**DIRECTIONS FOR THIS TASK**
Somewhere below is a line with "Moose safari in" and, later, a line with "Лежак для кошки"; repeat those two lines and all the lines between them, exactly as they are.

(Short web captions)
* * * * * * *

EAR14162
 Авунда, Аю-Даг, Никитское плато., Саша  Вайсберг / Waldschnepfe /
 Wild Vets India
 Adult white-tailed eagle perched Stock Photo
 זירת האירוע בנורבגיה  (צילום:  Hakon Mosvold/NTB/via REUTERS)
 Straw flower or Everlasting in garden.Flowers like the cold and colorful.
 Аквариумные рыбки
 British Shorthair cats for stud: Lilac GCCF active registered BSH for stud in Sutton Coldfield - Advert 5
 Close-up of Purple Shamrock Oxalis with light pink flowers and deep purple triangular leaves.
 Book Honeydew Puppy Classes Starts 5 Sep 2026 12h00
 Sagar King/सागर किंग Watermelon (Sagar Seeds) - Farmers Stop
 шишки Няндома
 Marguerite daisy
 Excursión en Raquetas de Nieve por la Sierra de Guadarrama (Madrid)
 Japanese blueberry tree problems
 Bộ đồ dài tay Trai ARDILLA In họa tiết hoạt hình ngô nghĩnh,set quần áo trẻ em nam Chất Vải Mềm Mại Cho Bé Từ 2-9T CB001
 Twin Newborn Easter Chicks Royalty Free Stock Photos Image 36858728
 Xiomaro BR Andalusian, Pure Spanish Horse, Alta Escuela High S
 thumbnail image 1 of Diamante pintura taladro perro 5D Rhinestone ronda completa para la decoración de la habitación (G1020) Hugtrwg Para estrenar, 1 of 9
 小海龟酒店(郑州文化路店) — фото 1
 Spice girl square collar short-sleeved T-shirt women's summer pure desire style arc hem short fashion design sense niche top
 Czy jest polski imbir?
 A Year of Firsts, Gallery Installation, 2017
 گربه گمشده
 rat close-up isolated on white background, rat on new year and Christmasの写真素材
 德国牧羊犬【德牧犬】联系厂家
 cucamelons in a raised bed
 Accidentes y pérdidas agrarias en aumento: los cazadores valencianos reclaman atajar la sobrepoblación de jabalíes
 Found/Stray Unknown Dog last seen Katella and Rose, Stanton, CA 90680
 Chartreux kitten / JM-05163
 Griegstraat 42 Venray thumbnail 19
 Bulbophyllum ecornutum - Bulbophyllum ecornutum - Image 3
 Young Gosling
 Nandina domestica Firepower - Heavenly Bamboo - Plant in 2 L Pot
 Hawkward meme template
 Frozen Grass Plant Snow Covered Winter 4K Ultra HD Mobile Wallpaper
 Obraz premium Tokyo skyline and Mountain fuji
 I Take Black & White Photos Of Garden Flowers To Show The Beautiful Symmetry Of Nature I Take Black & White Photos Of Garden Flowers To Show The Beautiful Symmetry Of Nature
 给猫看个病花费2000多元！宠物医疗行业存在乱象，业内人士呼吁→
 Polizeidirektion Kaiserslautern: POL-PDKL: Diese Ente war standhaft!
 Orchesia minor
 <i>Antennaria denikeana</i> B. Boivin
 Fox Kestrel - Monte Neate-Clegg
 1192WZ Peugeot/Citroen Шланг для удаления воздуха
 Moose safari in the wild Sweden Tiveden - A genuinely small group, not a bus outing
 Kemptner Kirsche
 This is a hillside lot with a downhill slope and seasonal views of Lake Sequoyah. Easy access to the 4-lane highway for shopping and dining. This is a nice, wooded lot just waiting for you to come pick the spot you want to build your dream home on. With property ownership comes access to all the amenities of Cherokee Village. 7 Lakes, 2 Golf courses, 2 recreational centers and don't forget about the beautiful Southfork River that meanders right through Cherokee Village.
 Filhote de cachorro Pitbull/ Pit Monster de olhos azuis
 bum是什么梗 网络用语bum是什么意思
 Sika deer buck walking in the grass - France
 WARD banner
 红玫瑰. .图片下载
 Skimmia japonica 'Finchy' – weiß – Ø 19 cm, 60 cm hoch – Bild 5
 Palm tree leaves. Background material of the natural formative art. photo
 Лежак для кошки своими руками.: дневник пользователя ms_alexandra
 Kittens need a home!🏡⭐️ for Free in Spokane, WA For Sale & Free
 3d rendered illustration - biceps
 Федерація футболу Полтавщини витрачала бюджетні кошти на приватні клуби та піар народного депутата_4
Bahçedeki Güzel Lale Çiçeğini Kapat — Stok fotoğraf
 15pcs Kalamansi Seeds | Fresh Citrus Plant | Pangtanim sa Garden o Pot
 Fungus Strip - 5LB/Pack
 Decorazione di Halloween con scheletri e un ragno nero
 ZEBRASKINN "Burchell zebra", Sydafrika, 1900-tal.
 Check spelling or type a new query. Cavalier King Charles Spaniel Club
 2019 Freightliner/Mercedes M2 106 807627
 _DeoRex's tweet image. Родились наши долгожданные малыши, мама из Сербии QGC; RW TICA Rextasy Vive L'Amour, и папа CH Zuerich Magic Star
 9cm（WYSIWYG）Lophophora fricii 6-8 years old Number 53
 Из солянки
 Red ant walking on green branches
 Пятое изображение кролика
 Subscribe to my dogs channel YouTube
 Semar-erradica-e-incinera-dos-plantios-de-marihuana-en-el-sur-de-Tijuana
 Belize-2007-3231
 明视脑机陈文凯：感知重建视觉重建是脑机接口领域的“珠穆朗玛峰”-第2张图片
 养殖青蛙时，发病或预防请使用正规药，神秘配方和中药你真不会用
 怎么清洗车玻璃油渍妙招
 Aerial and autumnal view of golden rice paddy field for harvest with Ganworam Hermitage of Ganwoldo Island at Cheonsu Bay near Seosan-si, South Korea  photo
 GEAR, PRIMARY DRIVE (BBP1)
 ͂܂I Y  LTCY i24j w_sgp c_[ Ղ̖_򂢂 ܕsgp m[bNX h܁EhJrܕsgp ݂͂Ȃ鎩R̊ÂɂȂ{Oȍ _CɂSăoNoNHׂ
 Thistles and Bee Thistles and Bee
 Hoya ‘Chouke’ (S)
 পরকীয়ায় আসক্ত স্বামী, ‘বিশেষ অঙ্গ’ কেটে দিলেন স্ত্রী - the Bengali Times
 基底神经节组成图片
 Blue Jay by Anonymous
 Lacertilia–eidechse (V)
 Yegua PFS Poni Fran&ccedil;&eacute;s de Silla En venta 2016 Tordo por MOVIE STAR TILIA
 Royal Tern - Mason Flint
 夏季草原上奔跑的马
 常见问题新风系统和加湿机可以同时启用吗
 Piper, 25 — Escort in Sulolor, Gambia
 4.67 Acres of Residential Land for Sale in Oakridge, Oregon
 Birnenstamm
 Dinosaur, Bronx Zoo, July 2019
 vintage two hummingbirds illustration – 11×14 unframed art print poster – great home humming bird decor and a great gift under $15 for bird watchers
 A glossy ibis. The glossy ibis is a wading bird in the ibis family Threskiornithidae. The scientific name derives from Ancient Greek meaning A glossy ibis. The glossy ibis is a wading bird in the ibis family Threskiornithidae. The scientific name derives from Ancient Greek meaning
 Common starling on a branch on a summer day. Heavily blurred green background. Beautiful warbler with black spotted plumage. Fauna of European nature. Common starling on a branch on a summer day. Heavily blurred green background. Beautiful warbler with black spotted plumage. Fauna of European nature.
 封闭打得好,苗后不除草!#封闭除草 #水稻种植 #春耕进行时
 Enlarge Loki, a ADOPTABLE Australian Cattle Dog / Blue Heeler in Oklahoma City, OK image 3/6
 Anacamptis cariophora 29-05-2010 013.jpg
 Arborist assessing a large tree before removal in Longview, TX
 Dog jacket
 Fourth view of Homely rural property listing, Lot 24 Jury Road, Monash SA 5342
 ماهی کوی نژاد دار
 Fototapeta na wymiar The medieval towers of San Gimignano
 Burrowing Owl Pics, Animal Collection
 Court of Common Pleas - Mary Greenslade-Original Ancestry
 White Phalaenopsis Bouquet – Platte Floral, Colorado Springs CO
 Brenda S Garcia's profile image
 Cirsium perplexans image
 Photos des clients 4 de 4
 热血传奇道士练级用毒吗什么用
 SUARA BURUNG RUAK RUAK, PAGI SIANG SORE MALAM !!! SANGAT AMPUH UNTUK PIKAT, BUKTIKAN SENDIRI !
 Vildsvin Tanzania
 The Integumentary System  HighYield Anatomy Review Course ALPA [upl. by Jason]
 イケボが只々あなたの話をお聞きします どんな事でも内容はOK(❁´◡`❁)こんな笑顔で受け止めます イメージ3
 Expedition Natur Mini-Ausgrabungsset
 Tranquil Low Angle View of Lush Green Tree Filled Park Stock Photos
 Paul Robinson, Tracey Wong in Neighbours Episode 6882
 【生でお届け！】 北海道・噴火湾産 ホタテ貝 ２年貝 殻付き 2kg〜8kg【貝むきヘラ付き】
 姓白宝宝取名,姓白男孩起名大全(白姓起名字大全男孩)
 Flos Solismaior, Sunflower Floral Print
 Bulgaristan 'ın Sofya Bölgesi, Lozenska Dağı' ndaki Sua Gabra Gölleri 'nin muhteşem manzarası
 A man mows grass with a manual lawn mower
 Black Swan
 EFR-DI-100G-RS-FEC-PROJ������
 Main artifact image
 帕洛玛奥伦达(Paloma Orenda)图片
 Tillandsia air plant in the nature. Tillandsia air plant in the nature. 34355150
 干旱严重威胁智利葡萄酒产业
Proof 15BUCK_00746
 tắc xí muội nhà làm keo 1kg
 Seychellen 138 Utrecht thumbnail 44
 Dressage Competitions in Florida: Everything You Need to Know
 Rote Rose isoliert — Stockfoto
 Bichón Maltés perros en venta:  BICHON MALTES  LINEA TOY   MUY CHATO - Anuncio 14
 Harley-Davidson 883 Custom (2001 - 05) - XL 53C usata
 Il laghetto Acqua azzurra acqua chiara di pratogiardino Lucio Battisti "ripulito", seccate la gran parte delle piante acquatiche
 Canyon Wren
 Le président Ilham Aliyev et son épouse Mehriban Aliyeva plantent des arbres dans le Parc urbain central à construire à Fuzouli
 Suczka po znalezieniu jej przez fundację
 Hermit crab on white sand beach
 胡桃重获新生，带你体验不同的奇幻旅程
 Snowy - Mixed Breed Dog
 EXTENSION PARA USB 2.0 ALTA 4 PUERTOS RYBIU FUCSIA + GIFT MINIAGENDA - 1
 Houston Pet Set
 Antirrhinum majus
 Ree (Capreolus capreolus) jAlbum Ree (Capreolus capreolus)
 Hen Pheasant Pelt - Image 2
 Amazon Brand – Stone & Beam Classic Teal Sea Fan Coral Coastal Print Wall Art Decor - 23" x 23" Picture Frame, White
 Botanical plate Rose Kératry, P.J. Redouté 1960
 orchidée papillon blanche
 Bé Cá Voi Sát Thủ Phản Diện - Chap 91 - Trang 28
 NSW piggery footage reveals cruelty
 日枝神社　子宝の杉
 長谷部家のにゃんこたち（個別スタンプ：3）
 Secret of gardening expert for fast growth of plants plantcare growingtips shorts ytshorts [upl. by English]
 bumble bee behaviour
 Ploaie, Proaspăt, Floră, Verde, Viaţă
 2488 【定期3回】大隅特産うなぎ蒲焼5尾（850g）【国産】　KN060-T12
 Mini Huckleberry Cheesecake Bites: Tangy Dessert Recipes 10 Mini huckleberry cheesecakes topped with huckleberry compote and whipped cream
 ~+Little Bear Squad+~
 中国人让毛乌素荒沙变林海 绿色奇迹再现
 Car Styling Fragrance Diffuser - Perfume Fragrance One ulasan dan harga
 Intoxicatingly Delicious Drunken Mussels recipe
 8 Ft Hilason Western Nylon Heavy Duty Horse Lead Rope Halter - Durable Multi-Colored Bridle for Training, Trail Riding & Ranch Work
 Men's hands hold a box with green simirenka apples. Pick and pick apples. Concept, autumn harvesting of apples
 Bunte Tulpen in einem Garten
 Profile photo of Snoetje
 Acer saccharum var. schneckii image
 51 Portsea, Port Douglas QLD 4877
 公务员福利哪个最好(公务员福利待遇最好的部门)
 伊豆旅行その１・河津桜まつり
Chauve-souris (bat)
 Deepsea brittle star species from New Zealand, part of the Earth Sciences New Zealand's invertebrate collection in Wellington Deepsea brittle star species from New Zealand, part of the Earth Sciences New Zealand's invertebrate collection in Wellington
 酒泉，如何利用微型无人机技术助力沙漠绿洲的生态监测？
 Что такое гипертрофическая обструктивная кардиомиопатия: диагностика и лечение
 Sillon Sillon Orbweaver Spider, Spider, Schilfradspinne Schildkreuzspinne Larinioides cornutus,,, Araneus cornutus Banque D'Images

* * * * * * *

**TASK ANSWER**
 Moose safari in the wild Sweden Tiveden - A genuinely small group, not a bus outing
 Kemptner Kirsche
 This is a hillside lot with a downhill slope and seasonal views of Lake Sequoyah. Easy access to the 4-lane highway for shopping and dining. This is a nice, wooded lot just waiting for you to come pick the spot you want to build your dream home on. With property ownership comes access to all the amenities of Cherokee Village. 7 Lakes, 2 Golf courses, 2 recreational centers and don't forget about the beautiful Southfork River that meanders right through Cherokee Village.
 Filhote de cachorro Pitbull/ Pit Monster de olhos azuis
 bum是什么梗 网络用语bum是什么意思
 Sika deer buck walking in the grass - France
 WARD banner
 红玫瑰. .图片下载
 Skimmia japonica 'Finchy' – weiß – Ø 19 cm, 60 cm hoch – Bild 5
 Palm tree leaves. Background material of the natural formative art. photo
 Лежак для кошки своими руками.: дневник пользователя ms_alexandra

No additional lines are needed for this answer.